Rowan Atkinson gets top-billing in this carefully paced black comedy, but the film really belongs to two of England’s finest women actors of the moment: Maggie Smith and Kristin Scott Thomas. It is their performances, rather than the mannered English humour, that make this film worth seeing.
Scott Thomas is Gloria, the frustrated wife of a vicar – the Reverend Walter Goodfellow – noticeably underplayed by Atkinson. Gloria is in search of a good night’s sleep or a good night’s hanky-panky. Anything would do in the genteel backwater village of Little Wallop, population 57. Gloria is struggling with her introverted young son, who has problems making friends with the other boys, and her promiscuous teenage daughter who definitely doesn’t. With no support from the hapless and inattentive Walter, Gloria is about to take matters into her own hands with her horribly lascivious American golf coach (nicely overdone by Patrick Swayze) when the new housekeeper Grace (Maggie Smith) arrives. She brings with her a suspiciously large trunk and a wicked glint in the personality profile. Let the dark games begin.

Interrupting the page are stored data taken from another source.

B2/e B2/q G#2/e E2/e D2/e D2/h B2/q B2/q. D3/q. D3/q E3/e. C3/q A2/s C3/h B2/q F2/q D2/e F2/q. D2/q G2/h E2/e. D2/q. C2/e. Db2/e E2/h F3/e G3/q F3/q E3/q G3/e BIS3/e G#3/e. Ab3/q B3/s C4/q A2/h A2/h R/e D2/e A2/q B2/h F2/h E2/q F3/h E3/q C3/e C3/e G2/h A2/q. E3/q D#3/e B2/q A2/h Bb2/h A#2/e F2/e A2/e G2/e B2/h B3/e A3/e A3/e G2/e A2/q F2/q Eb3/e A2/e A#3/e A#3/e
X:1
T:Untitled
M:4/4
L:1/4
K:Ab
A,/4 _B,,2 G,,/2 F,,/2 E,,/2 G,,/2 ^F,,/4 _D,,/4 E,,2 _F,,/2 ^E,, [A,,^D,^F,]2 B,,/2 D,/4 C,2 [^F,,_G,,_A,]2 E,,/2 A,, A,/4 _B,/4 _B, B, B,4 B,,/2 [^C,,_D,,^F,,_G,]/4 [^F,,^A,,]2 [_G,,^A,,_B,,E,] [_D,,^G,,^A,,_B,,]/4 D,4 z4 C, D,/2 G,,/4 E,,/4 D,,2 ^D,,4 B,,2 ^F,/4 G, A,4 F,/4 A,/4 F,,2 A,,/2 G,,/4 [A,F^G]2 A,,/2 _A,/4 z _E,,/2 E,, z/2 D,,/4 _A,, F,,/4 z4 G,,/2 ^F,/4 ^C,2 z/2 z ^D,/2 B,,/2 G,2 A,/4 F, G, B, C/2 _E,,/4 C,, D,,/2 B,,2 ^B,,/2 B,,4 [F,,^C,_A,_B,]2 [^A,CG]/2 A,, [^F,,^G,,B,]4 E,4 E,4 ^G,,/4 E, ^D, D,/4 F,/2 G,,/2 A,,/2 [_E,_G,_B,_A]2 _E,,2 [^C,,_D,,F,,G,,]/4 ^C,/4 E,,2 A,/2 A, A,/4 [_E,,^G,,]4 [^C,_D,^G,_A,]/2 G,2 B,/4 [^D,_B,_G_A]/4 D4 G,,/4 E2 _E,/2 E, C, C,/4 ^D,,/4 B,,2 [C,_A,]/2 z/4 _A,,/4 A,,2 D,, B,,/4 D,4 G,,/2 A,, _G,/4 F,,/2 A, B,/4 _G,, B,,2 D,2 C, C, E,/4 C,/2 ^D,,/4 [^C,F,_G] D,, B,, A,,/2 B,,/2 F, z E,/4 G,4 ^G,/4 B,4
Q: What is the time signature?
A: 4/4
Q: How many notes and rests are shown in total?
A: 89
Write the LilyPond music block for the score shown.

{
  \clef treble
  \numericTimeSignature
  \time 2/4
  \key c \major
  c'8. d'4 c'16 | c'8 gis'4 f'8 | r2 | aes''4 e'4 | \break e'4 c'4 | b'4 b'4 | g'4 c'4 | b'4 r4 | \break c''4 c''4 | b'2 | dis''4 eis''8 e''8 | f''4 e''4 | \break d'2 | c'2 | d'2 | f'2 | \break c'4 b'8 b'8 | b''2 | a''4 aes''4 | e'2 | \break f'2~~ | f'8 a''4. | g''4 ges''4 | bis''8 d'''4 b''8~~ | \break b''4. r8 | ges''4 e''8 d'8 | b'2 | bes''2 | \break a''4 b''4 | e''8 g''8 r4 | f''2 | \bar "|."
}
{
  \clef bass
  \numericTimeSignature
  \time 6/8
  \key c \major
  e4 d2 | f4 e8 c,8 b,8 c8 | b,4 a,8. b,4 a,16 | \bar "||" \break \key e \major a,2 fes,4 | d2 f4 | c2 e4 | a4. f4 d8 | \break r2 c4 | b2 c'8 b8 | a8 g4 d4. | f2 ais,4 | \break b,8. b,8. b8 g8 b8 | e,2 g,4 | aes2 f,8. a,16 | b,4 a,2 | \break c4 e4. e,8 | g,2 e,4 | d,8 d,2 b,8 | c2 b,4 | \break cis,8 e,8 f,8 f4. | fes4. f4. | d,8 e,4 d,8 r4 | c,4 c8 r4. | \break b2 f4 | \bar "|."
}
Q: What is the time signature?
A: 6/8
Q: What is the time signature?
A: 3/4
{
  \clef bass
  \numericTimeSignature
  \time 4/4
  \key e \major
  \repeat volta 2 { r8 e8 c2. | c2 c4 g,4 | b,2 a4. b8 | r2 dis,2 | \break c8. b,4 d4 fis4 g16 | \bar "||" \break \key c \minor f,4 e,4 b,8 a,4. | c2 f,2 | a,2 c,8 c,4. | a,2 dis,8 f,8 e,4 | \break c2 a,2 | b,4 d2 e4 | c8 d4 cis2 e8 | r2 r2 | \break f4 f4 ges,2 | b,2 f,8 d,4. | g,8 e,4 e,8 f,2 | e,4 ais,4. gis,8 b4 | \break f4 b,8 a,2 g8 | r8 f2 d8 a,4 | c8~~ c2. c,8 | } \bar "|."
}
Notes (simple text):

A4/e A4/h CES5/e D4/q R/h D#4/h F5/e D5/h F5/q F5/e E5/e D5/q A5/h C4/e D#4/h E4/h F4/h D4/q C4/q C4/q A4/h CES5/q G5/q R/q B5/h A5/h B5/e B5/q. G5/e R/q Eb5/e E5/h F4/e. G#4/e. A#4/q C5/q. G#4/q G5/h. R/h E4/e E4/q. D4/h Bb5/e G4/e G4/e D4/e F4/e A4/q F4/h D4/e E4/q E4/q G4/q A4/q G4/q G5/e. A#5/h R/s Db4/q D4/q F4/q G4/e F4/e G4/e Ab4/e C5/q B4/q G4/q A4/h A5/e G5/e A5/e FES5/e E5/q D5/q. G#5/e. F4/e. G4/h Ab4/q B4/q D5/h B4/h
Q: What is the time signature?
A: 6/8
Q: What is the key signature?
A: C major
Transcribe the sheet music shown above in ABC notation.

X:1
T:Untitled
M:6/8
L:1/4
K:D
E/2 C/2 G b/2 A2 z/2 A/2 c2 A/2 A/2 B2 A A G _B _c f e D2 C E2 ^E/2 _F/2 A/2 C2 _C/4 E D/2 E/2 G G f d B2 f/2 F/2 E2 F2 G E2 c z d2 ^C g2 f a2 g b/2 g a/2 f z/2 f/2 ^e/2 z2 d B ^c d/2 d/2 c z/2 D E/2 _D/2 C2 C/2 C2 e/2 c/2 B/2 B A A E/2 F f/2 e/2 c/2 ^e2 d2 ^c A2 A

Keeping Mum doesn’t completely break the prolonged drought of quality comedy we seem to be in the midst of, but it will bring a contented shower of smiles for those who appreciate a high quality cast at work. It has been likened to classic Ealing comedies such as The Ladykillers and Kind Hearts & Coronets, but Director Niall Johnson, who also co-wrote the screenplay, steers the film well away from farce. With the exception of Swayze, who is given some license to ham, the cast play their parts straight. This is the territory where Scott Thomas excels, and her portrayal of the fed-up wife and mother, reduced to muttering and cursing under a stiff-upper lip, is unbeatable. The naturalistic tone does make some of the darker misfortunes that fall on those around the dysfunctional Goodfellow family hard to laugh at, but with Smith & Scott Thomas in fine form, this can easily be forgiven. Not so with the choice of ending, where Johnson is found guilty of spoiling the otherwise neatly constrained story with a cheap and ultimately unnecessary tying up of loose ends.
Don’t expect Rowan Atkinson in full Bean or Blackadder flight: this is much more delicate Country Life comeuppance at the hands of a deliciously dark fairy godmother.